By GAIL LOWE
WAKEFIELD — In recent weeks, maintenance of the town’s schools has become a hot button issue, starting with a full report given to the school board by Charles “Chip” Tarbell on Tuesday, Aug. 26 and ending with the report being heard by the Board of Selectmen Monday night.
About nine months ago, Tarbell was appointed to head a Task Force by Superintendent of Schools Dr. Stephen K. Zrike. The Task Force’s duties included a review of all the educational facilities, including maintenance and custodial services.
Tarbell’s report drew criticism from some residents, surprise from others and, in some instances, agreement.
One School Department employee who works as a custodian requested anonymity but went on the defensive. He said that the formation of the Task Force is “just another approach to make (outsourcing) happen and screw the hard working school employees.” He further stated that “lack of manpower and time are not excuses.”
“We have been shortchanged on staff and funding for years,” he said, adding that the Task Force’s report delivered by Tarbell on Aug. 26 “ruined the morale of a dedicated staff.”
There are currently 23 full-time custodians and three bus drivers who assist with custodial needs while not transporting children who report to Peter Evangelista, head of the Custodial Department for the schools.
“While some custodians have expressed their concern with the recently released Task Force report, they continue to take great pride in their work,” he said.
At the beginning of his report, Tarbell said that the Task Force found the schools “picked up” but no “deep cleanings” had been done. He cited lack of manpower and time as reasons for the shortfall.
Evangelista this week gave his views on the situation and said that deep cleanings are handled during the summer months and include “top to bottom cleaning of every space in the buildings.”
“This also includes stripping and waxing all floors,” he commented. “We are also able to conduct some deep cleaning during school vacation weeks and during the second and third shifts, as needed.”
Evangelista continued: “Over the years, the custodial staff has been cut due to budget constraints.
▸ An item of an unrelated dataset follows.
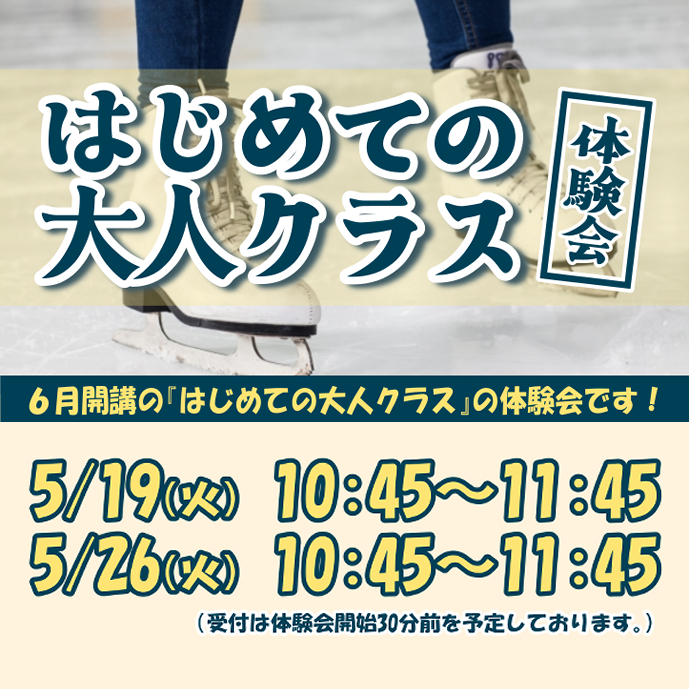 はじめての大人クラス体験会(5/19・20)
In addition to all restrooms being cleaned and sanitized daily, every classroom and hallway is ‘floor cleaned’ (trash emptied and floors swept) daily, but there are not enough resources available to put a rotational schedule in place to systematically work our way through each building.
“Ideally, I would like to see the custodial resources increased so we could move through each section of each building on a schedule to allow full cleaning to occur three or four times per year instead of only summer breaks.”
Evangelista also wanted to clarify an issue concerning communication between himself and Chris Pierce, who oversees the town’s buildings apart from schools. The Task Force report mentioned that the two do not communicate on a daily basis.
“I believe Mr. Tarbell was referring to how our work order systems do not communicate,” he said.
The Task Force also called for the sanitization of all surfaces inside the schools, something that has been lacking, according to the Task Force’s findings.
Evangelista agreed with the assessment and said that certain areas do require daily sanitized cleaning, such as the cafeteria and restrooms.
“The custodial staff also walks the grounds each morning to pick up trash and identify any safety concerns in the play areas,” he said. “They also examine the grounds for graffiti or vandalism to school property.”
Evangelista insisted that it would be nearly impossible at current staffing levels to expect a custodial staff member to sanitize 25 student desks, tables, door handles, countertops, lockers and chairs in each of the 20 to 25 classrooms, bathrooms, corridors and offices they are assigned to clean during their eight-hour shift.
Currently, there are three shifts of custodial staff at the high school and middle school. The majority of the staff is on duty between 3 p.m. and 7 a.m. to handle daily cleanings. Evangelista explained that the custodians on staff during the day are primarily tasked with cleaning the cafeteria during and after lunch service as well as addressing issues that arise (cleaning up after sick students, accepting deliveries, restocking supplies, changing light bulbs and things of that nature).
“In three of the elementary schools, we run two shifts, again with the majority being after hours. In the two smaller elementary schools we run one shift per day,” he commented.
One of the Task Force’s targets was to look at overtime costs and how they might be addressed.
In response, Evangelista said that overtime can occur at certain times during the year to accommodate for snow removal or to cover for an employee who might be out sick or on vacation.
“If an employee is expected to be out for a long period of time, we attempt to bring in a substitute custodian,” Evangelista said “Also, a custodian who is called back to check on an alarm is paid at the overtime rate.”
He added that the custodians did a “great job” this summer getting the schools ready to open.
“They take pride in what they do every day,” he said. “There are many things that people won’t see that they do during their work day — such as setting up for meetings, fixing furniture, delivering supplies, painting and fixing lockers.
“It’s real easy to point out some of the negative things, but there are many positive things we can look at, also. We are always looking to improve and make things more efficient.”
On Monday night, Tarbell went before the Board of Selectmen to apprise them of the Task Force’s findings, and a suggestion was made to form yet another committee.
In today’s Forum, Selectman Phyllis Hull wrote: “We have enough committees right now that should know what to do. We do not need more.”